Purpose: : Since the vitreous humour (VH) is directly apposed to the inner retina, examining protein profiles in samples of vitreous obtained either post mortem or during pars plana vitrectomy from patients with retinal disease may provide unique insights into the pathogenesis of a range of blinding macular diseases. We are conducting this project to characterise the protein profile of normal human vitreous and to test the hypothesis that it differs depending on age, sex and degree of post mortem delay.
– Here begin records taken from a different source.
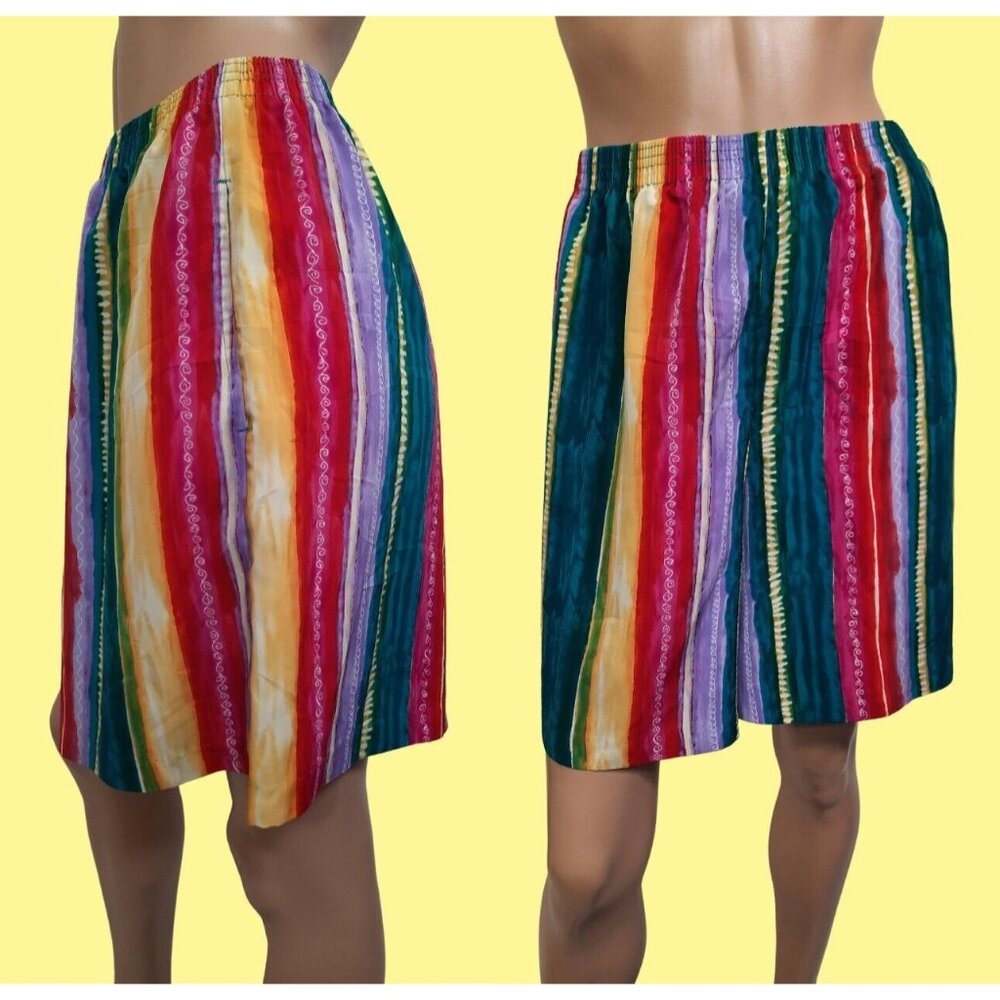 Vintage 90s Colorful striped Long Shorts Elastic Waist Pull On Pockets Size L XL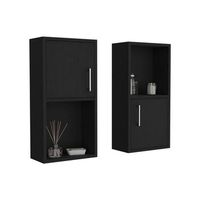 set de muebles auxiliares de bano en melamina con 4 estantes y 2 puertas  negro  601 cm x 30 cm x 16 cm
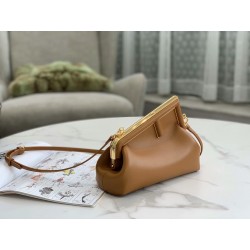 Fendi First Small Bag In Brown Nappa Leather 075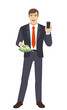 © komissar007 - Businessman with money holding mobile phone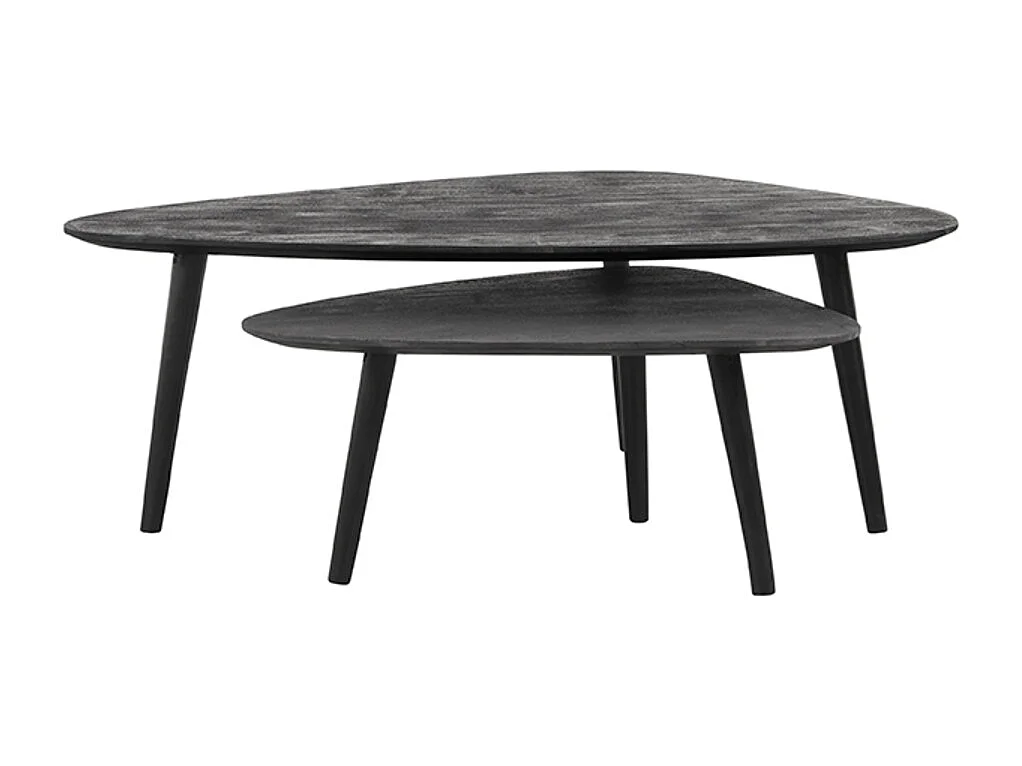 Table basse Rock 110x64x39 cm - Noir - Bois de manguier - Lot de 2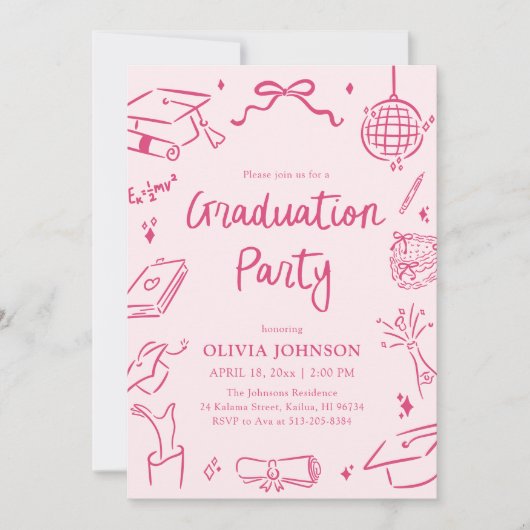 Modern Whimsical Hand Drawn Pink Graduation Party 招待状 (正面)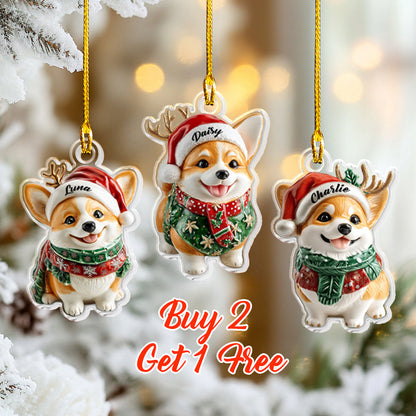 Glänzendes 2D-Ornament aus Acryl – Festliche Corgi-Weihnachtskollektion 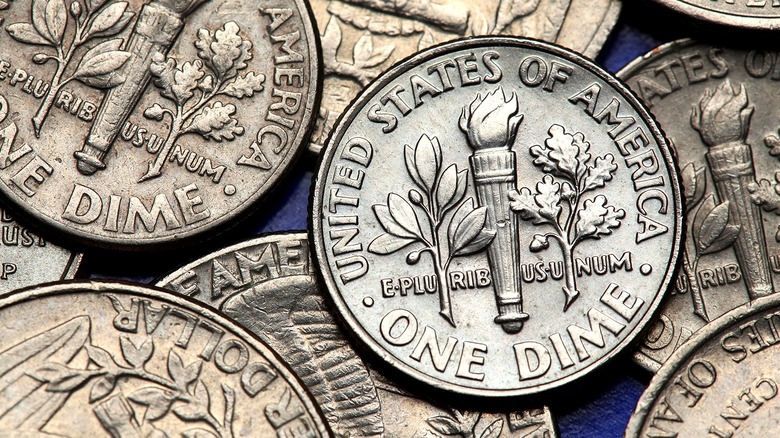 Extreme close-up of a spread of U.S. dime coins turned to their reverse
Methods: : VH samples were obtained from patients during a pars plana vitrectomy or from deceased individuals who have no history of diabetes. VH samples were prepared for proteome analysis by firstly dialysing then lyophilizing the samples. The proteins from the VH samples were then solubilized in a protein solubilization cocktail containing surfactants, reducing agents and chaotropes. Solubilized proteins were then separated using two–dimensional gel electrophoresis (2–DGE). The first dimension was focused using both passive and cup loading sample delivery and in the second dimension proteins were separated based on their molecular weight using SDS–PAGE. Abundant proteins were excised, digested with trypsin and analysed via matrix assisted light desorption/ionisation–mass spectrometry and peak lists generated were used to query online protein databases for identification. Serum albumin depletion was conducted on VH and proteins were separated using 2–DGE.

Results: : In comparison with normal human plasma, human vitreous’ proteome map differs significantly; however, like in human plasma serum albumin is the most abundant protein. The presence of serum albumin can hinder the display of low abundance proteins, to avoid this situation a sample pre–fractionation technique was employed to selectively remove this highly abundant protein species. Approximately 200% more proteins were displayed over a pI range of 4–7, a pI range in which the majority of VH proteins isoelectrically focus.

Conclusions: : Human vitreous has a unique proteome profile. The removal of high abundance proteins, such as serum albumin, from VH associated with retinal diseases will facilitate the identification of critical low abundance proteins which it can reasonably be anticipated will provide unique insights into the pathogenesis of macular disease.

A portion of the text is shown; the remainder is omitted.